What is the problem with Perl’s original compiler?

perlcc is still the original compiler. There were some minor outstanding bugs, which didn’t hinder cPanel to use it for over 12 years with 5.6.2 successfully. There were some new and changed OP* and SV* data structures, but nothing dramatic. There were always B bugs, which I fixed by overriding the bad methods by my own.

B is before C, so the introspection library to support a compiler backend was named B.

Why it is not possible to integrate it back to the Perl’s core?

Because p5p is not able to maintain it. I’ll integrate it back into my variant cperl because for me it’s important to add new features to all needed places. Without perlcc/B-C in core I need typically half a year up to a year to add support for a new perl release. And sometimes as in the latest years it does not make much sense to add support for a new release, because the latest releases had other dramatic problems, the maintainers were not able to understand. At least they eventually fixed it over time. Or let’s say I had to fix it.

Language

Which features are the most difficult to implement?

New data structures and missing API’s to support static allocation of data.

Let’s take a fresh example by fatherc/sprout: PADNAME. The pad is the list if lexical variables per scope.

The padname was before 5.22 a PV (a string SV, SV stands for scalar value), and now just a simplier variant of it to store the name, type and static lexical index range for the compiler to find a variable in the given scope. It is not needed for run-time, only for the compiler.

Father decided that a SV for this name is too big and can be optimized a bit. He makes those decisions by his own and then commits it to master. No company would ever tolerate such a behaviour but he is a monk in greece and p5p management is a bit angry but tolerates it as long it’s not too much nonsense. And so far only his SvPROTECT/double-readonly system was pure nonsense. And he is besides davem the only remaining half-competent developer working on core. So you have to work with the remains.

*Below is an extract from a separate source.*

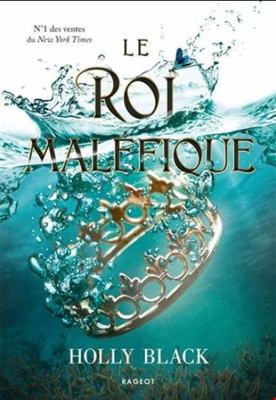 Le roi maléfique [French] 2700276450 Book Cover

Anyway, perl5 is a purely dynamic language, nobody cares about embedders or compilers, which are able to optimize much more out of data structures. There’s only the newPADNAMEpvn API to create a new PADNAME and the published/exported API supports the simple view of a PADNAME. But internally father used a good trick to store string buffers cache-friendly. He adds the variable size buffer to the struct padname via a new internal-only struct padname_with_str { char* xpadn_pv; … char xpadn_str[1]; } where [1] is dynamically used with the real length of the string buffer. This is cache friendly, no pointer indirection to the heap somewhere else. And a good C VM trick, because every PV access can be redirected statically by the C compiler because the offsets within the structs are known to the compiler. Offset 32 e.g. And the C library functions cannot handle direct string buffers char[n], you always need an indirect pointer to it.

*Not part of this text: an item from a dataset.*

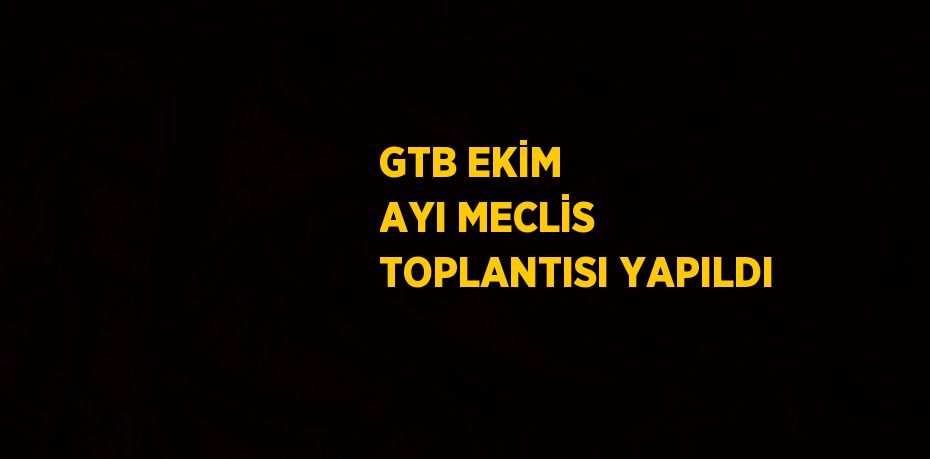 GTB EKİM AYI MECLİS TOPLANTISI YAPILDI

See http://perl5.git.perl.org/perl.git/blob/HEAD:/pad.h#l86 and the PADNAME_FROM_PV() trick, which was introduced with nickc’s optimizations in 5.10 which combined the SV head with the body at compile-time.

But with the compiler I don’t want to go via the slow and only exported newPADNAMEpvn() API. Padnames and their string buffers are purely static so should be stored statically. This saves a lot of startup-time overhead and memory. Every constant string does not pressure the VMM, the OS virtual memory system, every dynamic string does. When out of memory it does not need to page out this string page. That’s why compiled perl is so much faster and smaller then interpreted perl. So I eventually have to dump different sized struct padname_with_str for each different name length, and even have to declare these structs by myself. They are not exported. So this needs at least 2-4 days of analysis and implementation to overcome this lack of API and foresight.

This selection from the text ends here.